Problem statement: The copy must match the data word for word and contain no pictures.

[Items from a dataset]
BEGIN

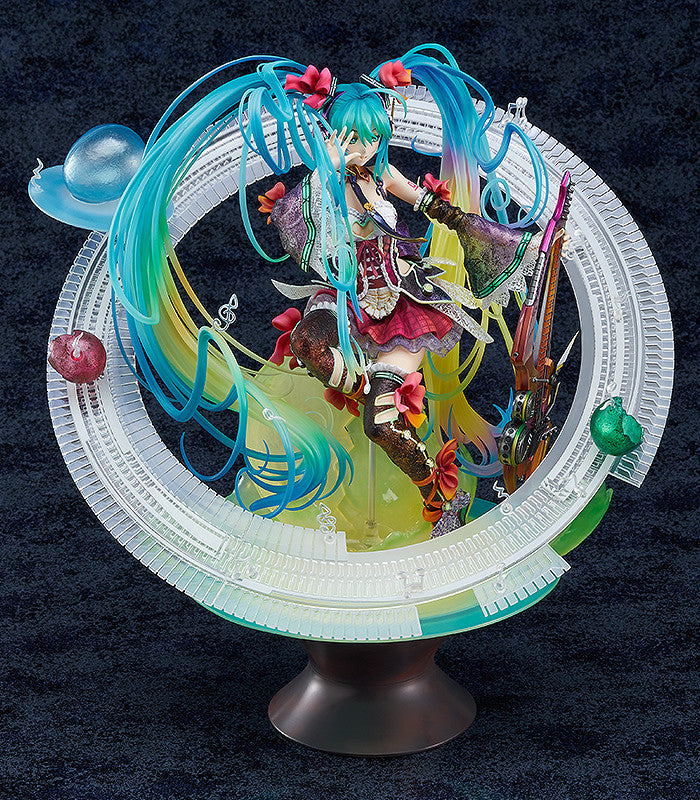 PRE-ORDER Character Vocal Series 01: Hatsune Miku - Hatsune Miku: Virtual Pop Star Ver. 1/7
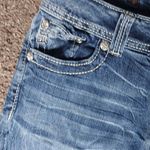 Miss Me Cupped Capris Size 28 Photo 2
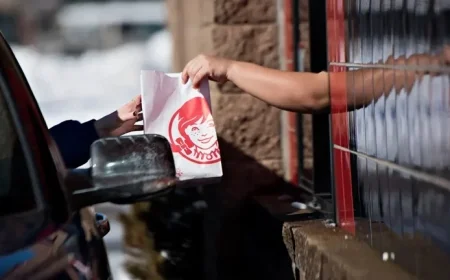 Wendy’s Set to Shut Down Hundreds of US Locations in 2024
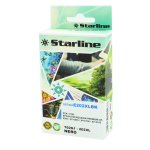 STARLINE Cartuccia ink compatibile Nero per Epson 202XL 24ml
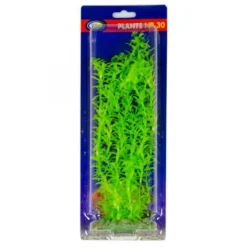 Sale BLUE CORAL Plante artificielle d'aquarium - élodée, AQUA NOVA - 30 cm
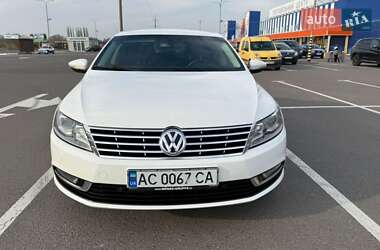 Купе Volkswagen CC / Passat CC 2013 в 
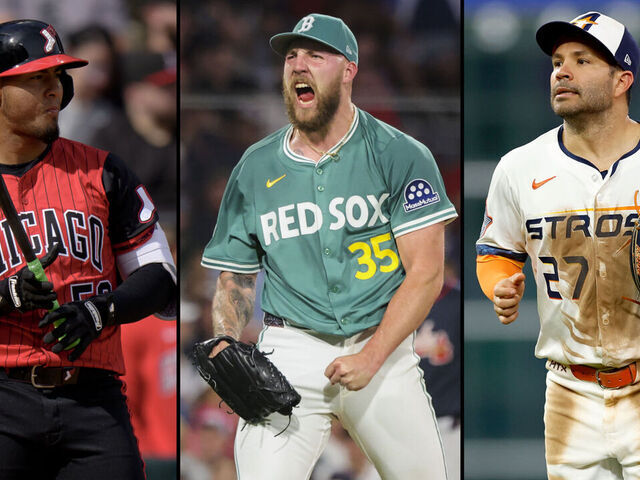 Ranking MLB's new City Connects: Some elite entries join fold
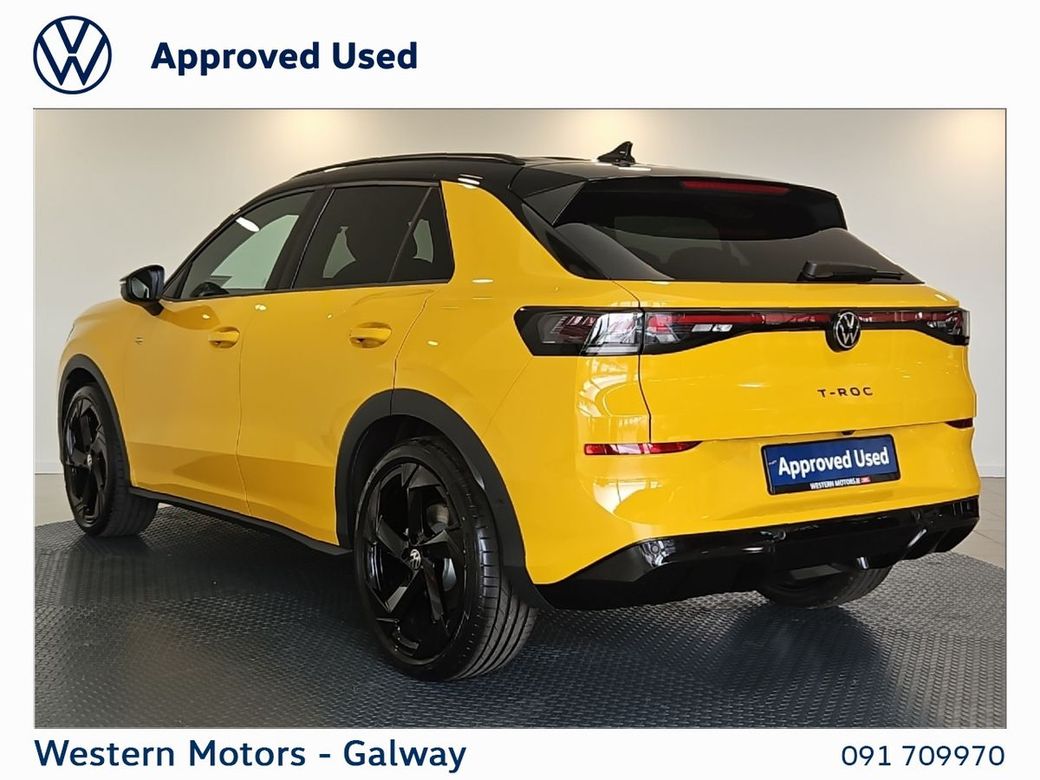 2026 Volkswagen T-Roc
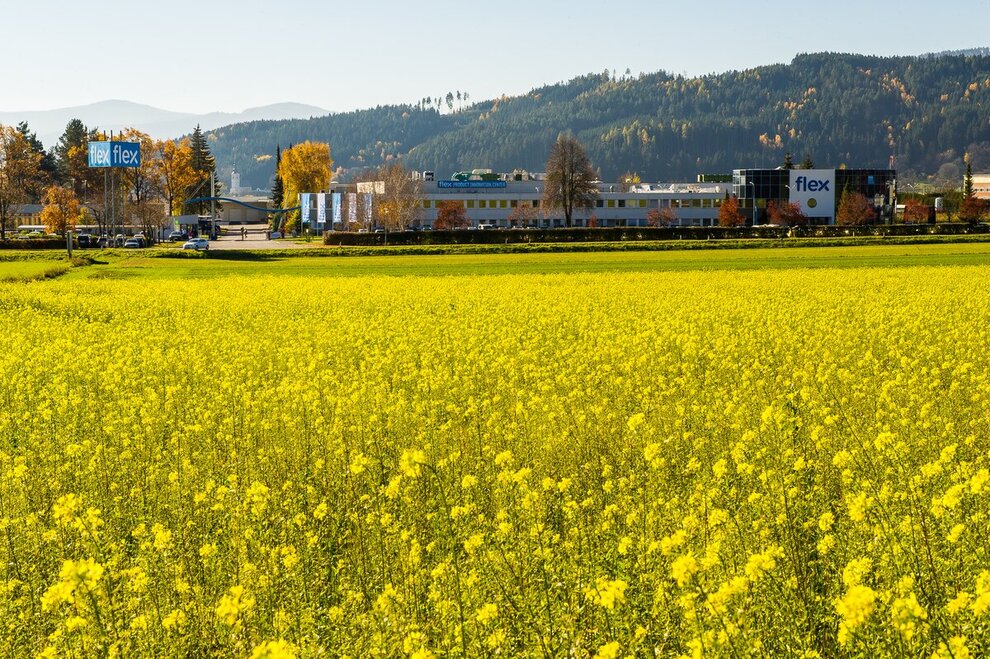 Flex Althofen header image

END

Result:
 PRE-ORDER Character Vocal Series 01: Hatsune Miku - Hatsune Miku: Virtual Pop Star Ver. 1/7
 Miss Me Cupped Capris Size 28 Photo 2
 Wendy’s Set to Shut Down Hundreds of US Locations in 2024
 STARLINE Cartuccia ink compatibile Nero per Epson 202XL 24ml
 Sale BLUE CORAL Plante artificielle d'aquarium - élodée, AQUA NOVA - 30 cm
 Купе Volkswagen CC / Passat CC 2013 в 
 Ranking MLB's new City Connects: Some elite entries join fold
 2026 Volkswagen T-Roc
 Flex Althofen header image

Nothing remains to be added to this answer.